This was very flexible as it allowed me to keep anything else I wanted in this document – and it was portable (to anyone who have access to some way of reading Word documents) – and accessible to non-technical people such as my son’s grandparents.

After a while though, I wondered if I’d made the right decision: shouldn’t I have put it into some other format that could be accessed programmatically? After all, if I kept doing this for his entire childhood then I’d have a lot of interesting data in there…

Well, it turns out that a Word table isn’t too awful a format to store this sort of data in – and you can access it fairly easily from Python.

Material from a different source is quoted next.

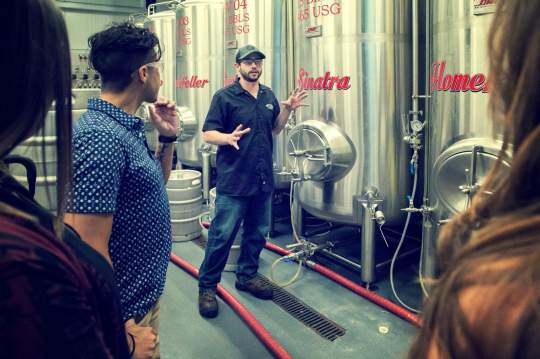 Tours guests and AIB serving tanks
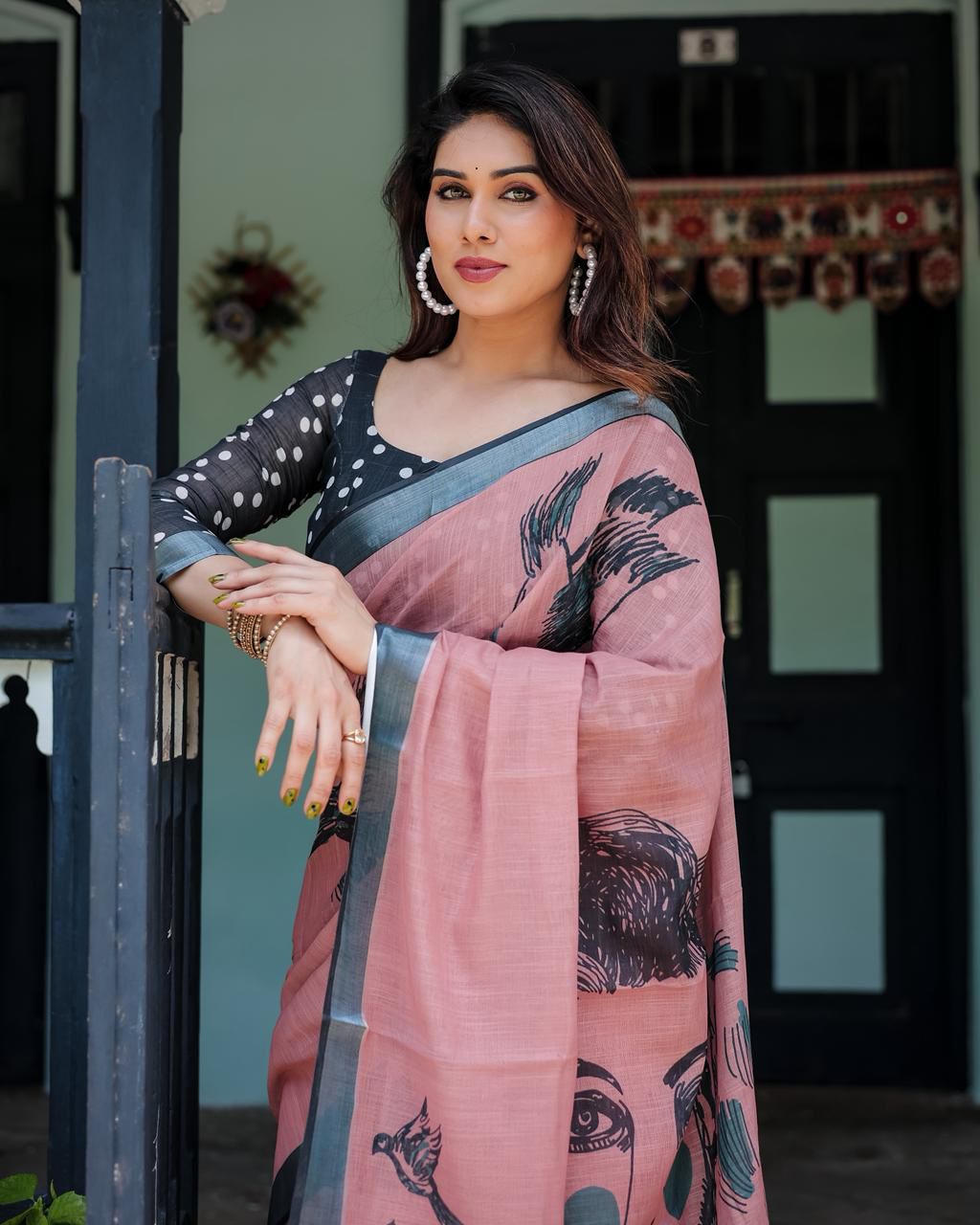 Artistic Salmon Pink Cotton Linen Saree featuring Charcoal Black Bird Sketch Illustrations, a Solid Slate Gray Border, and a Matching Polka-Dotted Blouse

Once I realised this, I worked out what I wanted to create: a service that would email me every morning listing the things I’d put as diary entries for that day in previous years. I was modelling this very much on the Timehop app that does a similar thing with photographs, tweets and so on, so I called it julian_timehop.

If you just want to go to the code then have a look at the github repo – otherwise, read on to find out how I did it.

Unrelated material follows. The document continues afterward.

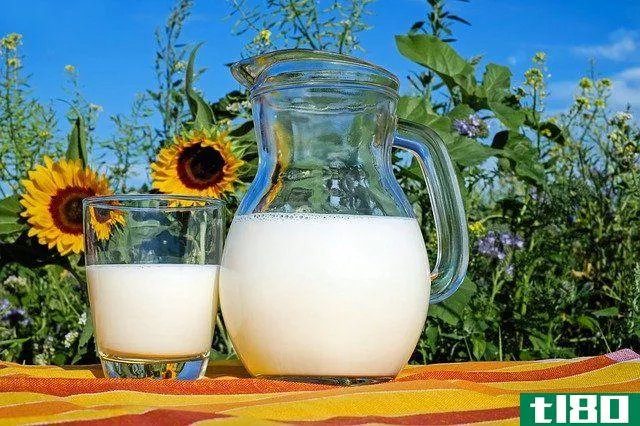 Milk jug and glass on wooden table in front of sunflowers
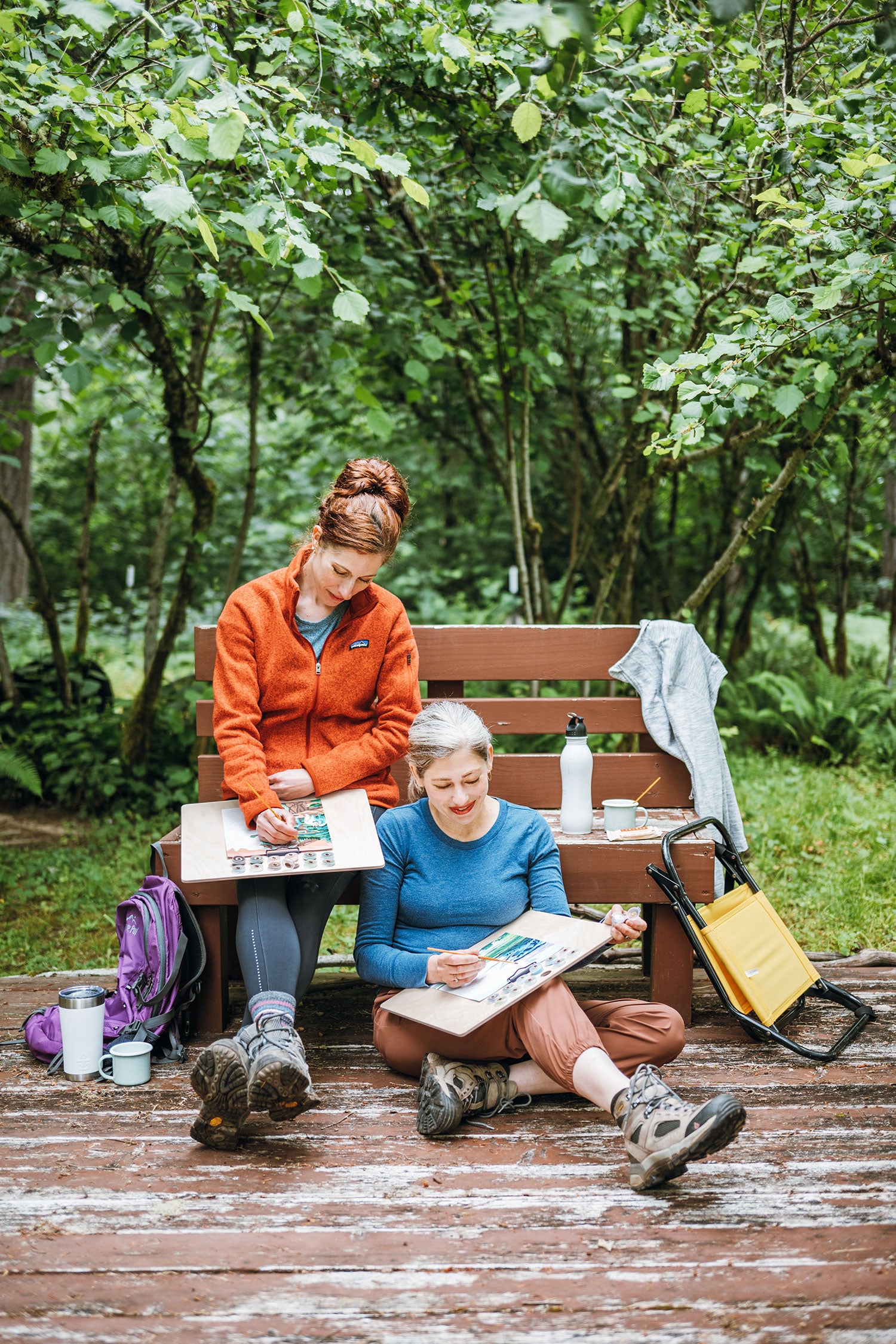 Two people sitting on a wooden bench in a forest, painting National Park paint-by-number kits from Elle Crée.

Let’s start by thinking about what the main steps we need to take are:

  1. First we need to get hold of the document. I update it fairly regularly, and it lives on my laptop – whereas this script would need to run on my Linux server, so it can easily run at the same time each day. The easiest way around this was to store the document in Dropbox and use the Dropbox API to grab a copy when we run the script.

  2. We then need to parse the document to extract the table of diary entries.

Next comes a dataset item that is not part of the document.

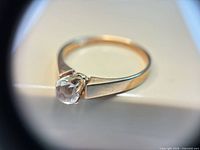 Close-up of ring showing stone setting and band detail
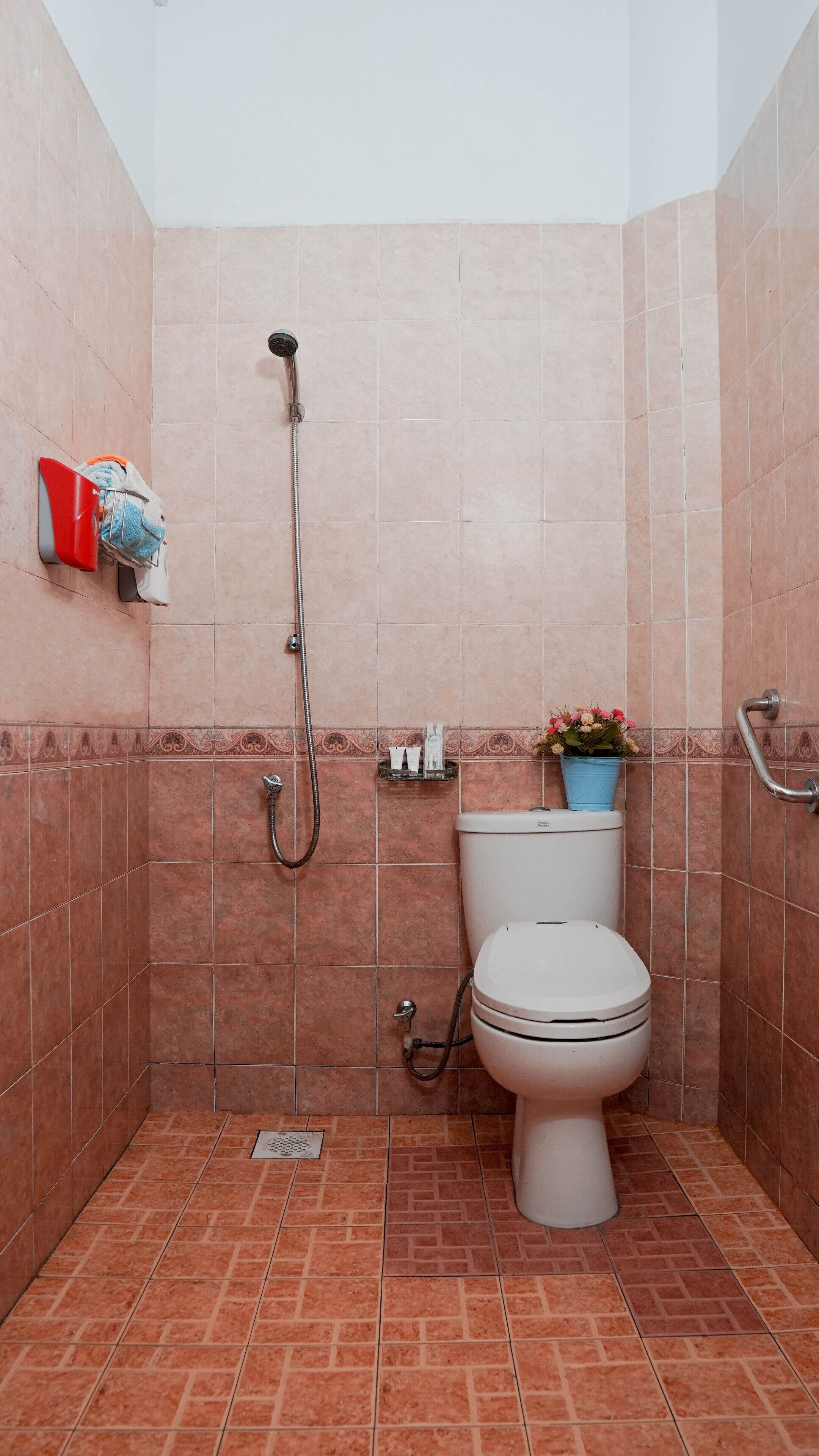Un baño pequeño con ducha, inodoro y un estante con artículos de tocador.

  3. Once we’ve got the table, we can subset it to the rows that match today’s date (ignoring the year)

  4. We then need to prepare the text of an email based on these rows, and then send the email

Let’s look at each of these in turn now.

Getting the file from Dropbox

We want to do pretty-much the simplest operation possible using the Dropbox API: login and retrieve the latest version of a file. I’ve used the Dropbox API from Python before (see my post about analysing my thesis-writing timeline with Dropbox) and it’s pretty easy. In fact, you can accomplish this task with just four lines of code.

First, we need to connect to Dropbox and authenticate. To do this, we’ll use a Dropbox API key (see here for instructions on how to get one). We don’t want to include this API key directly in the code – as we could accidentally share it with someone else (for example, by uploading the code to Github) – so we store in an environment variable called DROPBOX_KEY.

We can get the key from this environment variable with

dropbox_key = os.environ.get('DROPBOX_KEY')

We can then create a Dropbox API connection and authenticate

dbx = dropbox.Dropbox(dropbox_key)

To download a file, we just call the files_download_to_file method

dbx.files_download_to_file(output_filename, path)

In this case the path argument is the path of the file inside the Dropbox folder – in my case the path is /Notes and diary entries for Julian.docx as the file is in the root Dropbox folder.

Putting this together we get a function to download a file from Dropbox

def download_file(path):
    Download a file from Dropbox, returning the local filename of the downloaded file

    Requires the DROPBOX_KEY env var to be set to a valid Dropbox API key
    dropbox_key = os.environ.get('DROPBOX_KEY')
    dbx = dropbox.Dropbox(dropbox_key)
    output_filename = 'document.docx'
    dbx.files_download_to_file(output_filename, path)

    return output_filename

That’s the first step completed; next we need to extract the table from the Word document.

Extracting the table

In a previous job I did some work which involved automating the creation of Powerpoint presentations, and I used the excellent python-pptx library for reading and writing Powerpoint files. Conveniently, there is a sister library available for Word documents called python-docx which works in a very similar way.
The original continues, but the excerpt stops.